§ Work required: The entries below contain pictures. Write out only the lines from the line with "西安中考錄分線_西安中考分數線_中考分數線西安2021年公布" up to and including the line with "体育课双人跳绳教案(5页).doc_第2页", exactly, without them.

§ Records for this exercise:
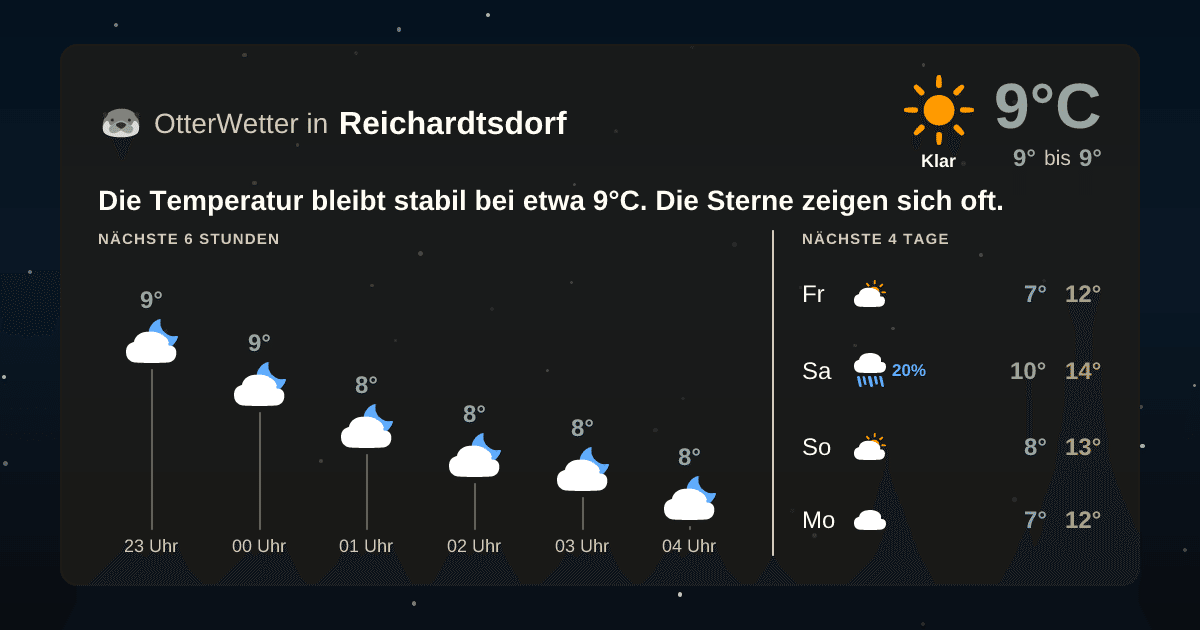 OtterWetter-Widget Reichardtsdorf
...
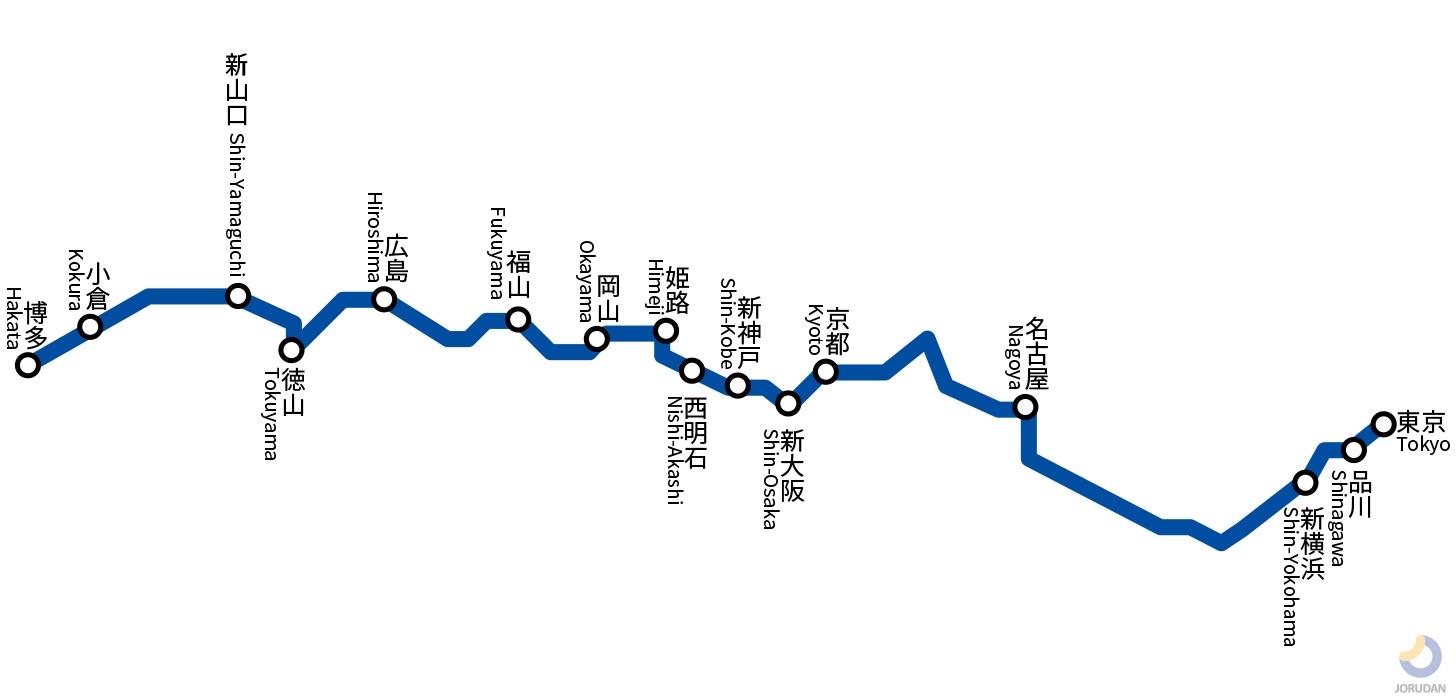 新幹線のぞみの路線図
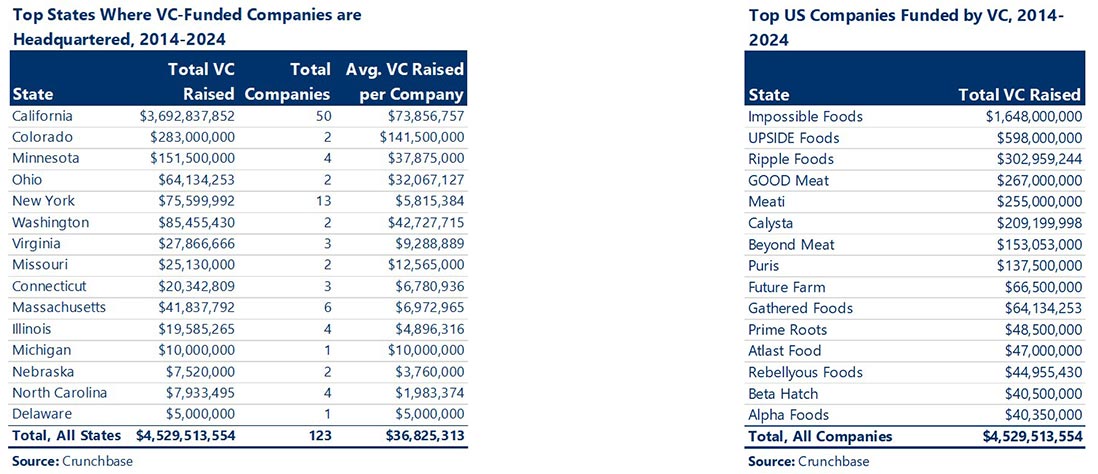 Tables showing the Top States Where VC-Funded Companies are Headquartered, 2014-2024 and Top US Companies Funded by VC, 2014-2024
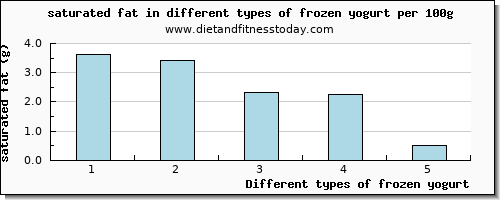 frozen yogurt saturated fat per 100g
==
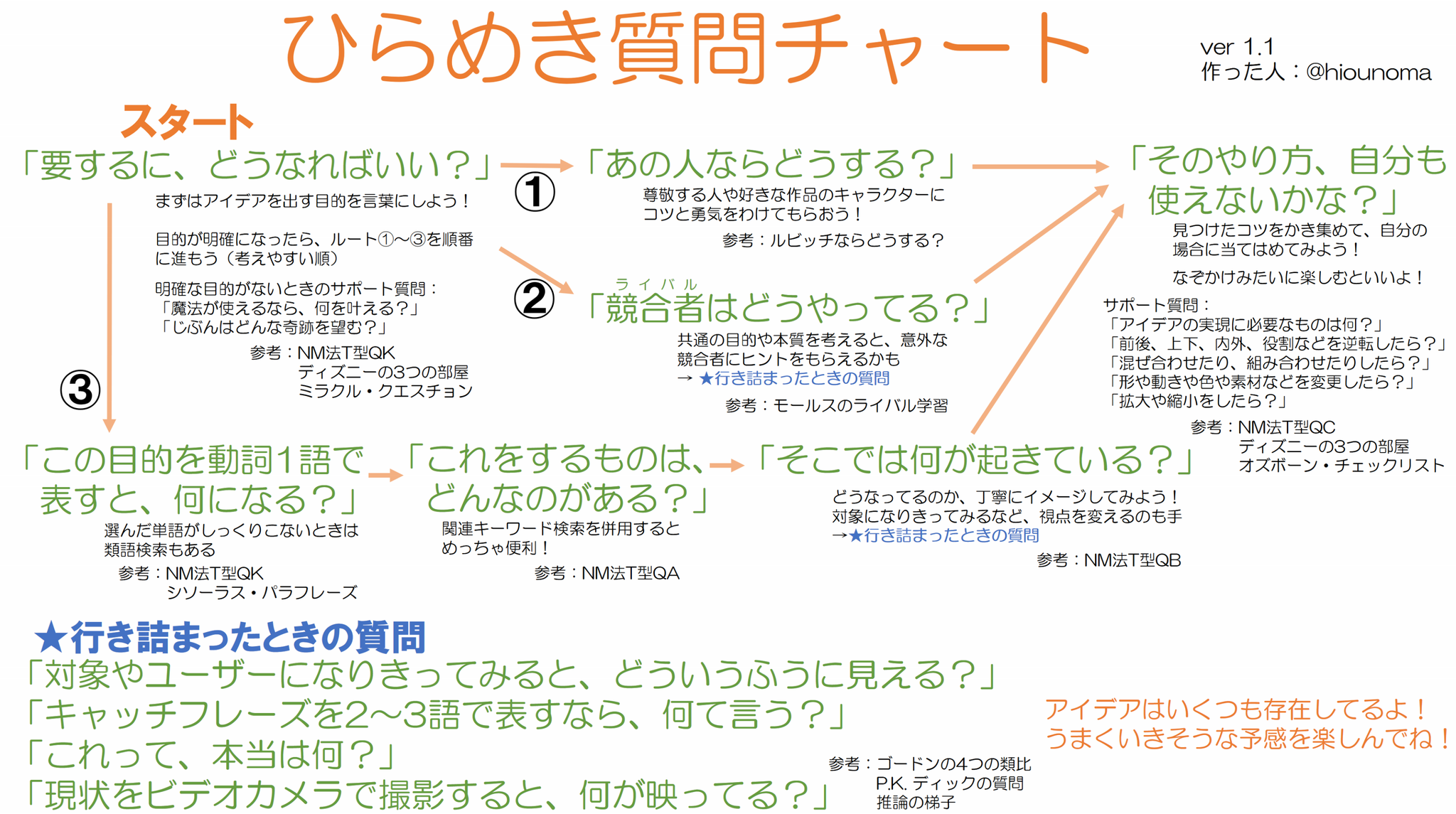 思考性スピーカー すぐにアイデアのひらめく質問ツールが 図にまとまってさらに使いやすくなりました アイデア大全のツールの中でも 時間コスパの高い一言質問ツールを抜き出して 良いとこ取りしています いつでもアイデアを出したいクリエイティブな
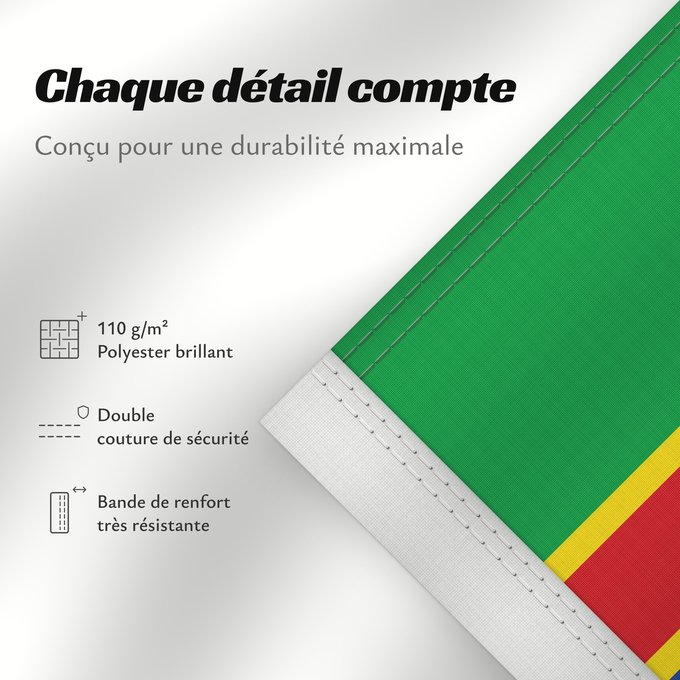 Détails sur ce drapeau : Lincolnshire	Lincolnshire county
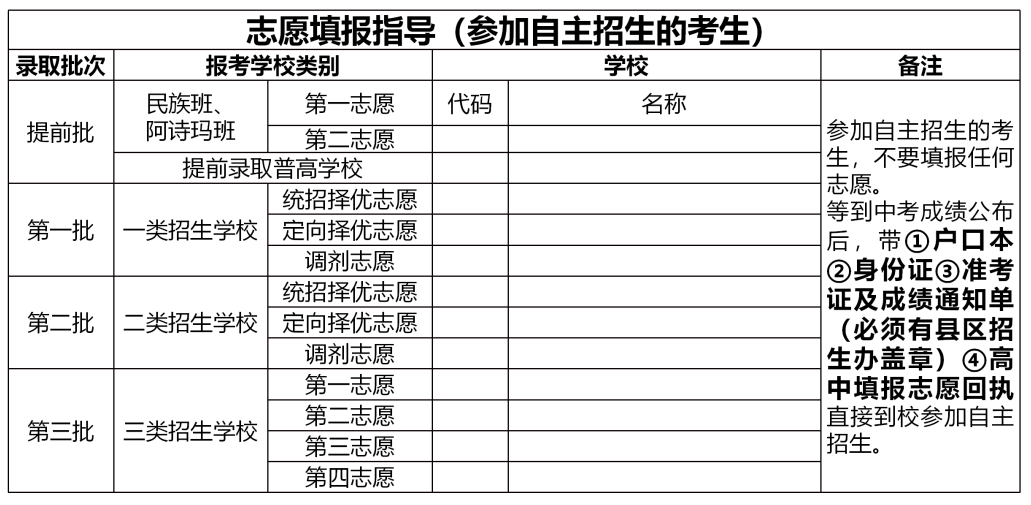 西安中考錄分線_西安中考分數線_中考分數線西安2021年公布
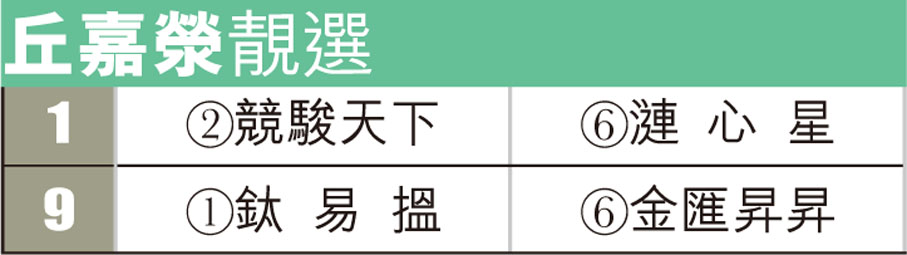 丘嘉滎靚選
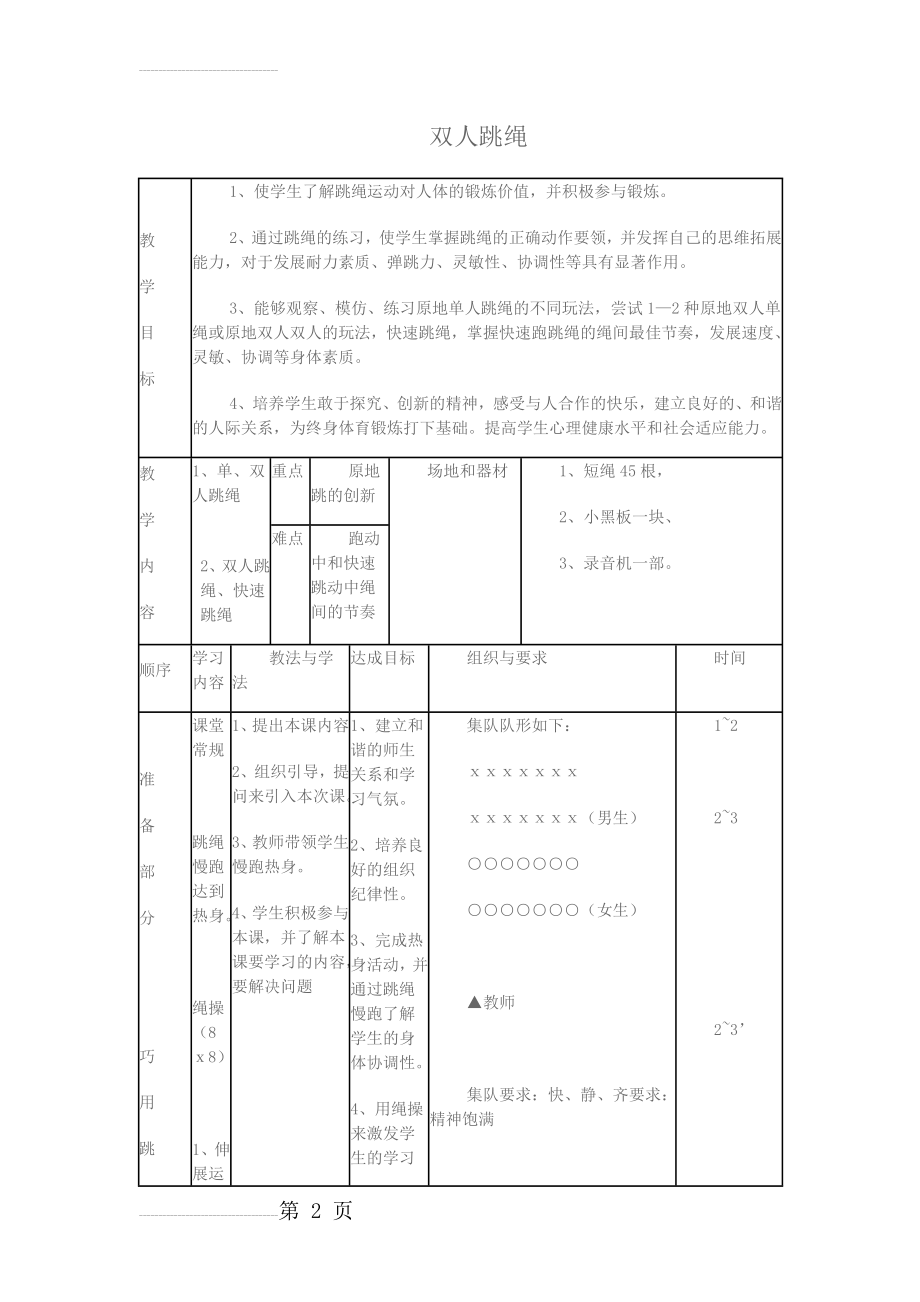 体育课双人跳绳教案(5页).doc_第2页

§ Reply to the task:
 西安中考錄分線_西安中考分數線_中考分數線西安2021年公布
 丘嘉滎靚選
 体育课双人跳绳教案(5页).doc_第2页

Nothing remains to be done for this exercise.